A Home Relief Plan With Merit and Consequences
People who sign onto these programs are relinquishing the ownership of the house. The difference between the payoff value and the newly negotiated market price becomes a debt to the participant. Strict limits would be placed on their ability to hold credit. The ex-homeowner has proven by their situation that they do not grasp the risk of credit. A 5% increase in their taxes will be asses in order to pay off the remaining balance.
These previous occupants who were renting it from the bank have a few choices. They can stay and rent the residence from the new government agency who has the asset of time. The US government will hopefully be around for 50 or 60 years more if it takes that long. It shouldn’t. The appraisal should catch most impending large maintenance problems on the horizon. A rental agreement can be worked out to better suit the troubled home owner. 60% of all of the money collected would be applied towards the debt. The other 40% would be used to pay for taxes, insurance, and administrative expenses. This would be in addition to the 5% tax liability and help to speed along the paying off of the debt. As a side affect it would also hold down the demand on rental units that could be a backlash of so many people loosing their houses. When the debt is settled the option to purchase the home at the new market price should be made available. They could keep renting, but at the risks involved with that option. Much like when renting a home, from the moment the new price is set, the house will be available on the market. The ability to stay and rent is a courtesy extended but not a right. Of course the government will have a vested interest in the rental agreement at first as well.

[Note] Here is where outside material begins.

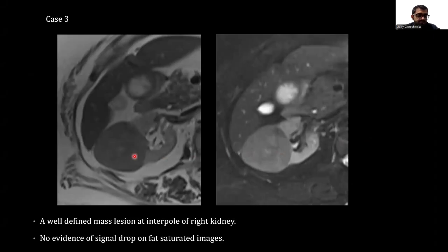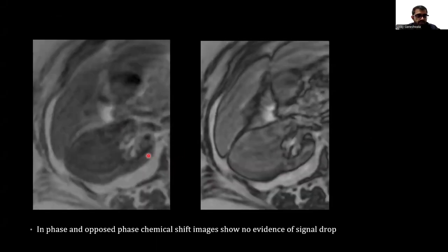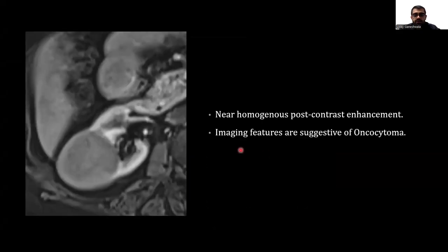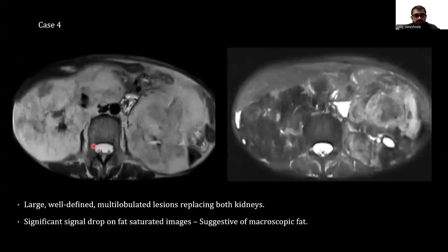In this case, we can see a well-defined mass lesion at the inter-pole of the right kidney. There was no evidence of signal drop on fat-saturated images. In-phase and opposed-phase chemical shift images show no evidence of signal drop. Diffusion restriction on DWI-ADC images was noted, and near homogeneous post-contrast enhancement was noted. Imaging features are suggestive of oncocytoma.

Looking at a number example of how this would work. Let us say that you paid $100,000. The new government agency, using metrics based in realism, local salary averages, and on a 10 year loan, the new value of the house is set. Let us say in this case the house has lost 40% of its value. So the best market price expected is determined to be $60,000. The payoff price for home was $80,000. The government pays the bank the $80,000. The default homeowner now owes the government $20,000. Under the old terms the loan was costing the homebuyer $625 per month plus taxes and insurance. The new arrangement could be done at the rate of $450 per month straight rent. That would be based on a 5 year plan to pay of the $20,000 and $160 per month for expenses. The home owner would be responsible all financial responsibilities one would expect a renter to pay. Since the income tax is also being asses, it is possible for these debts to be paid off in 3 years or less.
Now the ex-homebuyer could just move out. Maybe they don’t have a job and/ or can’t afford the new terms. They will not feel the penalty until they get employed. Remember it is coming out in taxes. If you are not making money, you are not paying taxes, and you are not being restrained by your debt. Like I said, the government plans on being here a long time. It can wait.
In the end, the loan agency got the money back that they loaned out, plus whatever interest they had accumulated to that point. The government gets a piece of property valued appropriately for the new deflating market. The defunct homebuyer gets a term option for paying the debt back and a possible option for staying in the home.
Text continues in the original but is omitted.